PM still will not confirm whether he will ask Minister Lavulavu to resign if found guilty

'Oku taupotu 'i lalo ha fakamatala fakaTonga

Prime Minister Pōhiva Tu’i’onetoa has declined to confirm whether he would ask ‘Akosita Lavulavu to resign if she is found guilty in the two court cases she is facing.

(L-R) Prime Minister Pōhiva Tu’i’onetoa, Infrastructure Minister Akosita Lavulavu and Opposition Leader Sēmisi Sika

“Let the law rule,” he told Kaniva News.

Asking the Prime Minister to make a comment, he was reminded that in the past Ministers have either resigned on their own volition or they were ordered to resign, especially if the accusations laid against them were as those facing Infrastructure Minister  Lavulavu.

None of them went to court to clear their names before they resigned.

These included Minister of Finance Cecil Cocker in 1995, Education Minister Tutoatasi Fakafanua and Minister of Justice Tevita Tupou in 2001, Prime Minister Ulukalala Lavka Ata in 2006, Minister of Justice ‘Alisi Taumoepeau in 2010,  Minister of Finance Lisiate ‘Akolo in 2014 and Deputy Prime Minister Vuna Fa’otusia in 2021.

Opposition Leader Sēmisi Sika said the Prime Minister should advise Lavulavu to resign.


If he did not, this would reflect badly on the  integrity and values of the Prime Minister’s leadership.

“It is all about what it is in there for him and not for the country,” Sika said.

This afternoon April 5 the Prime Minister said the accusations against Lavulavu had been processed according to the constitution and the law.

“Everyone is innocent until proven guilty,” he said.

“It was the same scenario which applied to the ministers in the past, not what the media said and how somebody hates somebody.”

The Prime Minister questioned whether the Ministers listed above resigned and claimed that the charges made against them were “based on malice, revenge and smear campaigns by some Opposition candidates.”

Records of the resignations are available and as the former Auditor General, the Prime Minister should remember what happened.

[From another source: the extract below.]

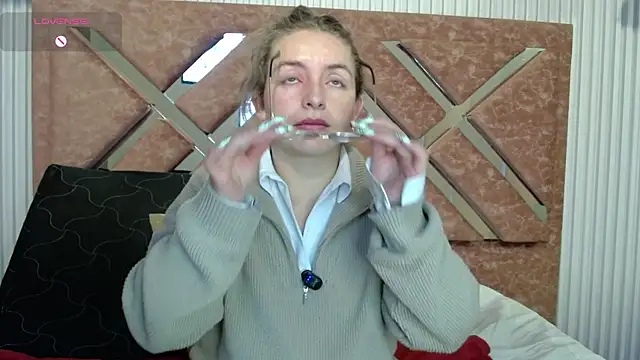  isaabellaa online show from May 22, 12:44 pm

None of these Ministers who resigned in Tonga had their cases taken up with the courts.

Tongan courts have no power to  order a cabinet minister to resign. That power rests with the Prime Minister and the king by the constitution.

Prime Minister Tu’i’onetoa  also questioned whether the late ‘Akilisi Pōhiva resigned when he was charged with seditious conspiracy after the Nuku’alofa riot on 16 November 2006.

He said he was not on the list of the seven ministers who resigned that we provided to him.

The late Pōhiva was not a member of the Cabinet at the time he was charged.


Na’e ‘oange ha faingmālie ki he ‘Eiki Palēmia’ ko e hā ha’ane lau ki he ui ko ‘eni’ ke fakafisi ‘ene MInisitā ki he Ngaahi Ngāue Lalahi’ tu’unga he’ene ongo hopo lalahi ‘e ua kuo kamata’. Pehē ‘e he Palēmia tuku ke pule ‘a e lao’ ‘o ne ‘uhinga ‘oku tonuhia ‘a e taha kotoa pe kae ‘oua leva ke fakamo’oni’i kuo halaia ‘i he fakamaau’anga’. Na’e toe ‘eke ange leva ki ai pe ko ‘ene ‘uhinga’ ka iku ‘o halaia ‘a ‘Akosita he’ene ongo hopo ko ‘eni’, te ne tu’utu’uni ke ne fakafisi? Pea’ ne ‘ikai ha tali hangatonu ‘a e PM ki he fehu’i ko ia’. Ko e kau minisitā kotoa ‘a Tonga ne fakafisi ki mu’a’ meimei ne nau fakafisi hili hanau tukuaki’i pea ni’ihi nau fakafisi pe ‘ia kinautolu pe ko hono tu’utu’uni’i ke fakafisi i honau ngaahi tukuaki’i’. Ne ‘ikai ha taha ‘ia kinautolu ‘e iku ‘enau ngaahi keisi’ ki he fakamaau’anga’ tuku kehe ‘a ‘Akosita ne fekau ke fakafisi ‘i he 2018′ hili hono faka’ilo ia tukuaki’i ki hano fa’u kākaa’i ha fakamatala ke ma’u ai ha pa’anga lahi mei he pule’anga’. Ne toe ui ia ‘e Tu’ionetoa ke ne hoko ko ‘ene minisitā ‘o a’u ko ‘eni ke kamata ‘ene hopo ko ia’ he uike kaha’u’.